In this case a function call will alleviate the pain of seeing a jump and label.
Something like this:


;~........................................................................................

proc1 proc private
.repeat
mov ah, byte ptr [ecx]
test ah, ah
.if ZERO?
mov edx, 0
ret
.endif
inc ecx
.until ah == al
ret
proc1 endp

align_int3 16
_lstrcmpA_wildcard proc lpString1:DWORD, lpString2:DWORD
prologue_none
mov edx, [esp + DWORD * 2] ; lpString2
mov ecx, [esp + DWORD * 1] ; lpString1
.while TRUE
mov al, byte ptr [edx]
.if al == "*"
.repeat
inc edx
mov al, byte ptr [edx]
.until al != "*"
.break .if !(al & al) ; al == 0

call proc1
.break .if edx==0
.else
mov ah, byte ptr [ecx]
.break .if !(ah & ah) ; ah == 0
.if !(al & al) ; al == 0
xchg al, ah
.break
.endif
.break .if ah != al && al != "?"
inc ecx
.endif
inc edx
.endw
movzx eax, al
retn DWORD * 2
_lstrcmpA_wildcard endp

;~........................................................................................

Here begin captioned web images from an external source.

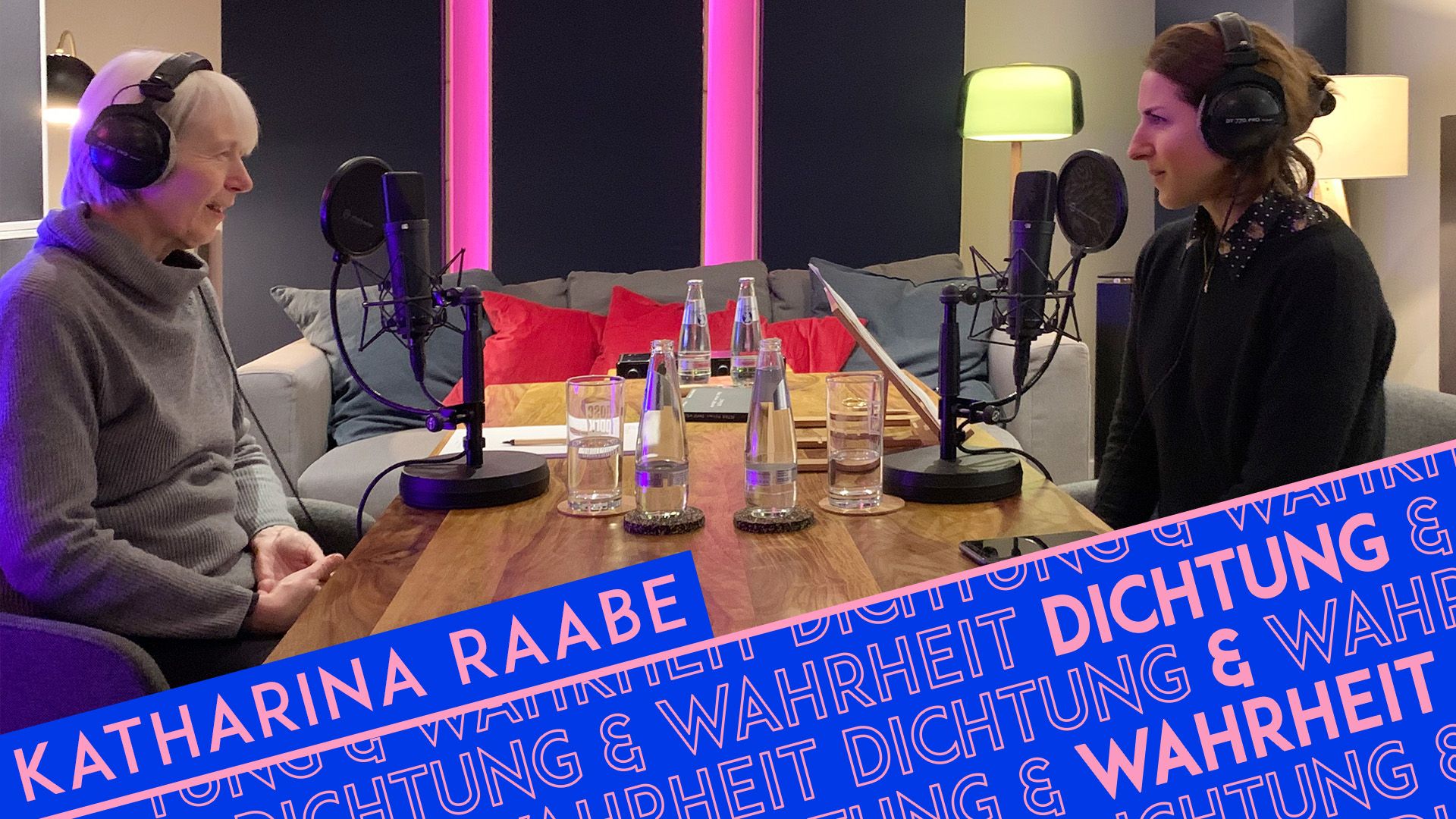 Katharina Raabe und Laura de Weck sitzen am Studiotisch und nehmen gemeinsam eine neue Folge für den Podcast »Dichtung & Wahrheit« auf.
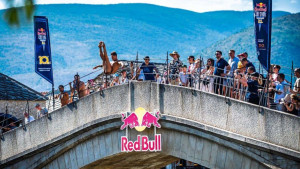 Hunt vodi nakon prve runde skokova, Pennisi i Carlson izjednačene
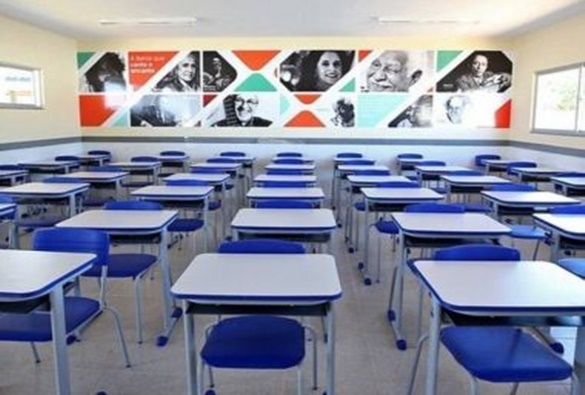 Pesquisa aponta que 132 cidades baianas desejam voltar às aulas presenciais só em 2022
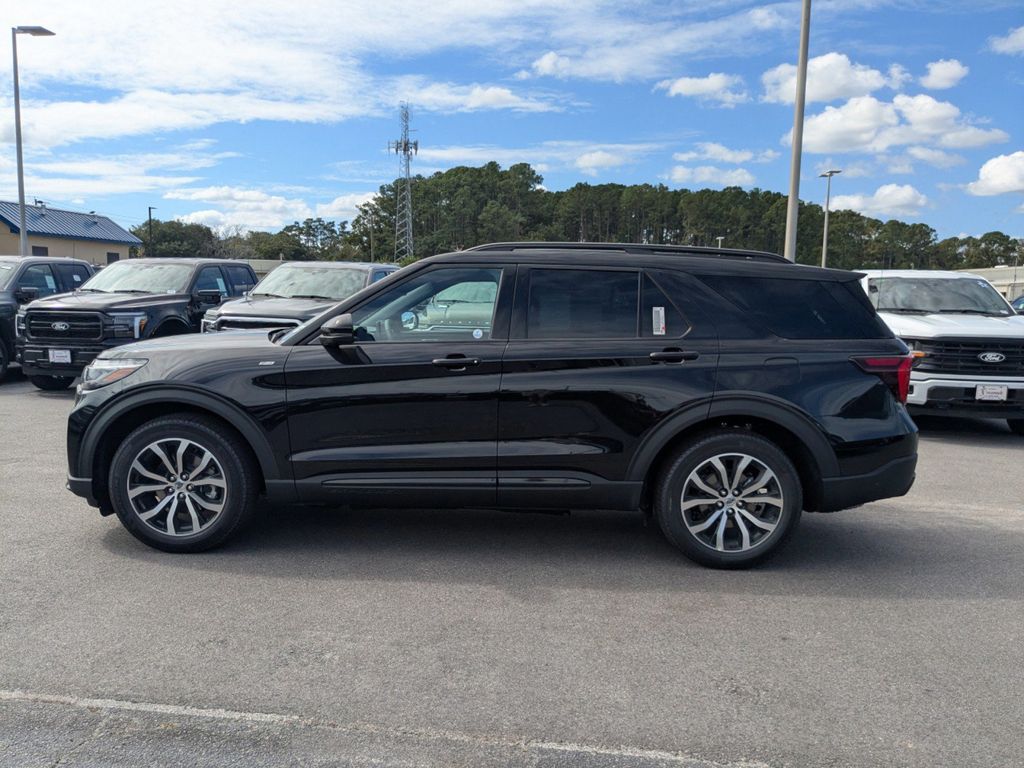 2025 Ford Explorer ST-Line photo 7
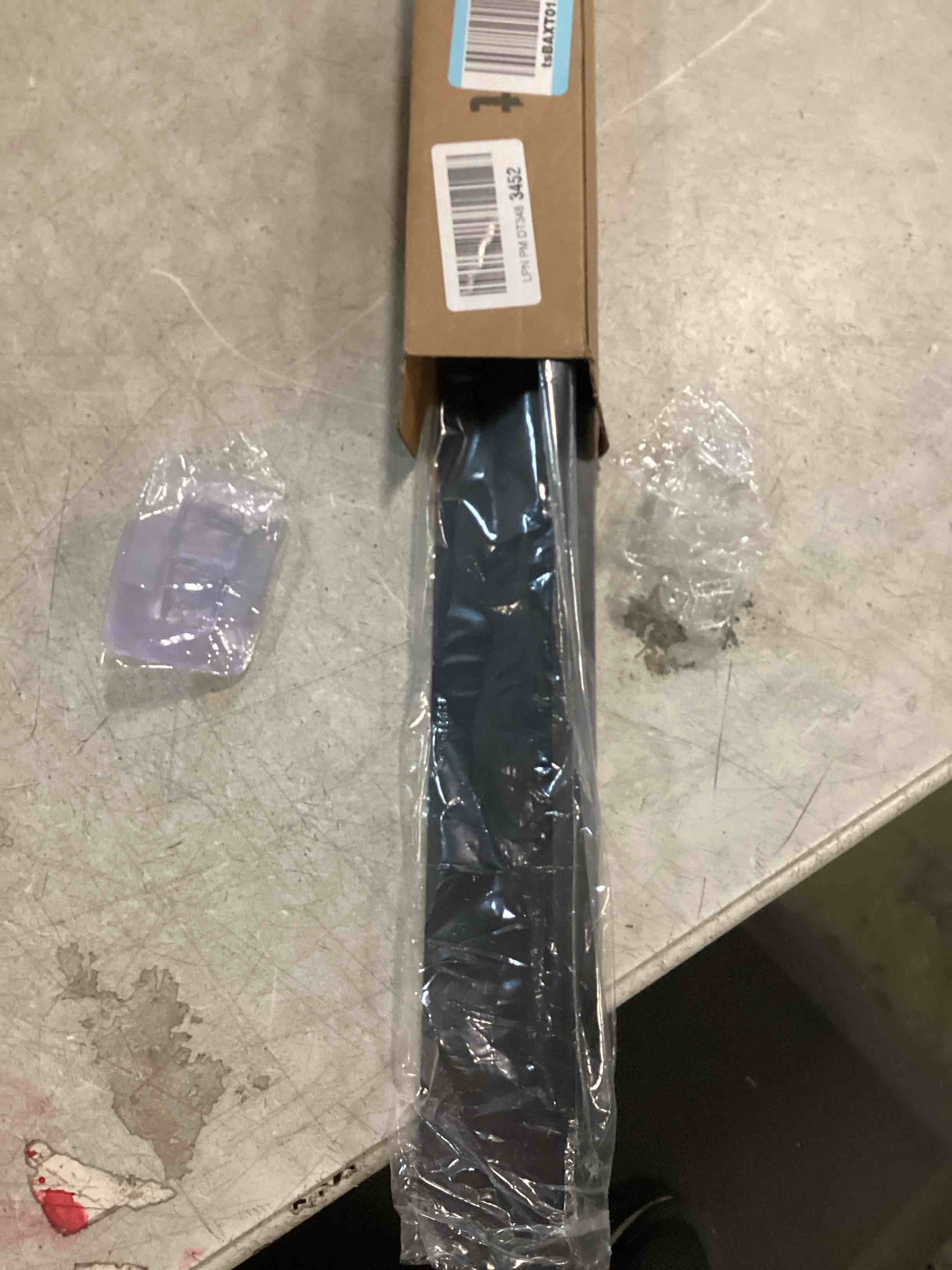 https://s3.amazonaws.com/lotting-images-prod/bidfta/PPE1945564_1743684628622.jpeg
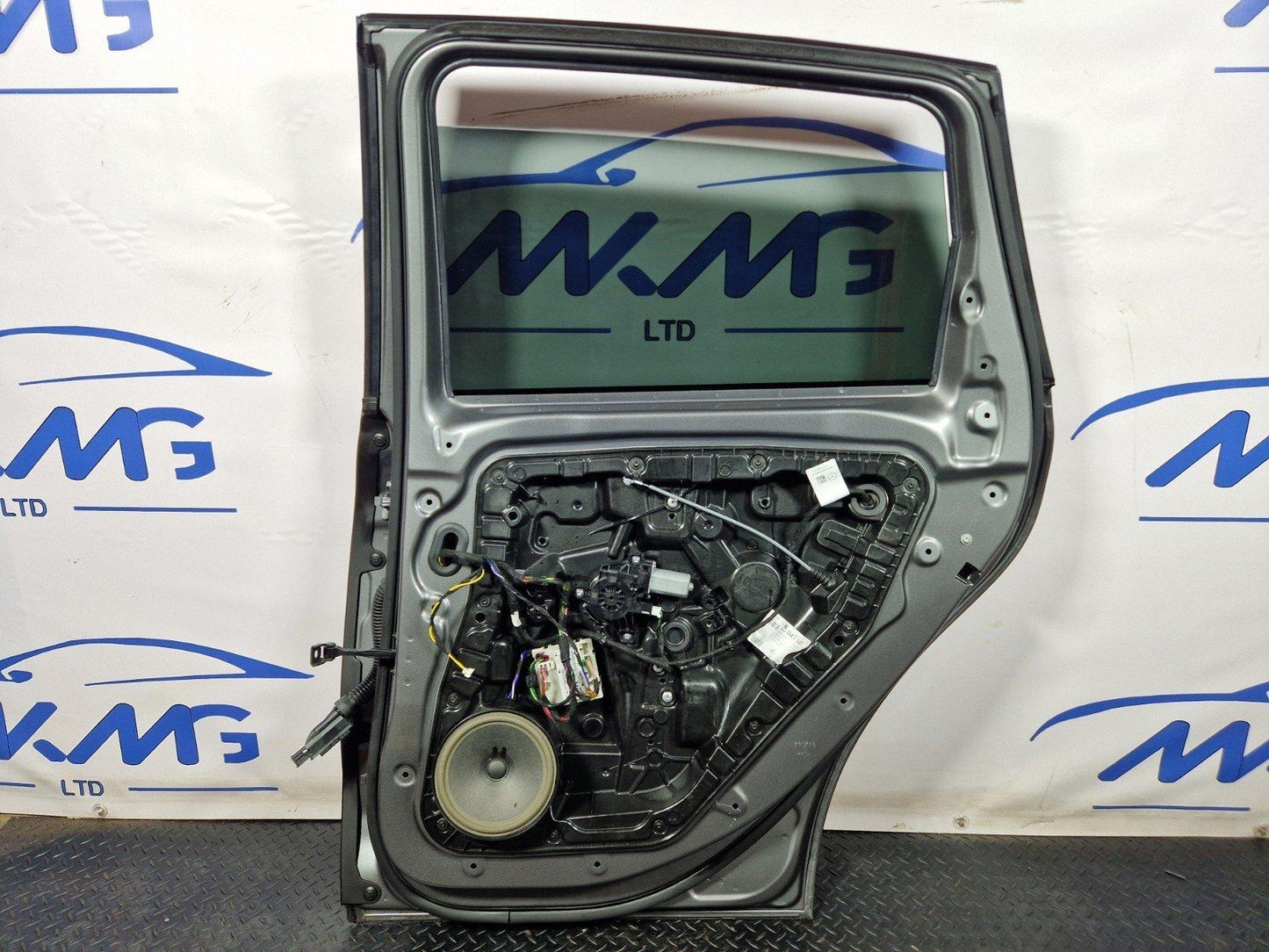 19-ON MERCEDES BENZ B CLASS W247 REAR RIGHT O/S/R COMPLETE DOOR IN GREY 787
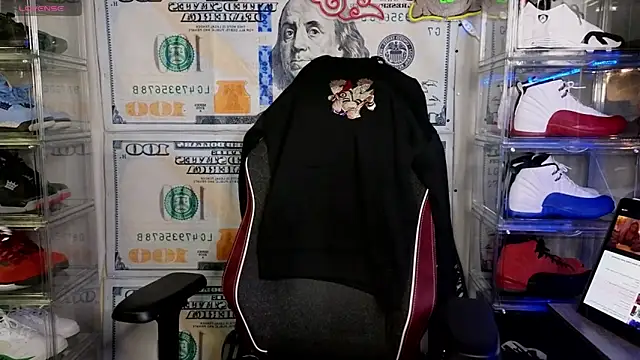 Snapshot of MoeLovesBearss chatting on January 29, 2:10 pm MoeLovesBearss online show from January 29, 2:10 pm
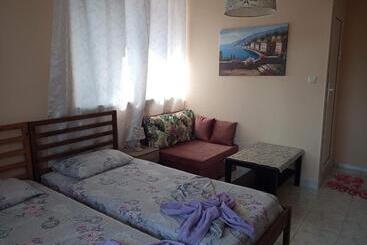 پانسیون Guest House 51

Title: Re: strcmp with wildcards
Post by: aw27 on August 13, 2017, 06:10:59 PM
Another (better) way:


;~........................................................................................

align_int3 16
_lstrcmpA_wildcard proc lpString1:DWORD, lpString2:DWORD
prologue_none
mov edx, [esp + DWORD * 2] ; lpString2
mov ecx, [esp + DWORD * 1] ; lpString1
.while TRUE
mov al, byte ptr [edx]
.if al == "*"
.repeat
inc edx
mov al, byte ptr [edx]
.until al != "*"
.break .if !(al & al) ; al == 0
.repeat
mov ah, byte ptr [ecx]
; .break .if !(ah & ah) ; ah == 0
test ah, ah
.break .if ZERO?
inc ecx
.until (ah == al)
.break .if  (ah!=al)
.else
mov ah, byte ptr [ecx]
.break .if !(ah & ah) ; ah == 0
.if !(al & al) ; al == 0
xchg al, ah
.break
.endif
.break .if ah != al && al != "?"
inc ecx
.endif
inc edx
.endw
       movzx eax, al
retn DWORD * 2
_lstrcmpA_wildcard endp

;~........................................................................................
Title: Re: strcmp with wildcards
Post by: jj2007 on August 13, 2017, 06:18:06 PM
Quote from: Queue on August 13, 2017, 11:24:35 AMinvolves option oldmacros

To my knowledge, this is not implemented in UAsm. But most probably your macro needs only a minor modification to work without that option (I am curious to see the new thread). One reason why UAsm64 is my default nowadays is speed: It makes a real difference if you have to wait 3 (UAsm) or 10 (ML) seconds for your build to complete...
Title: Re: strcmp with wildcards
Post by: hutch-- on August 14, 2017, 12:10:36 AM
Queue,

If you have the MASM32 distribution, have a look at one of the library routines called "partial.asm". It does not do what you are doing but it is doing a similar things, scanning a text for partial matches.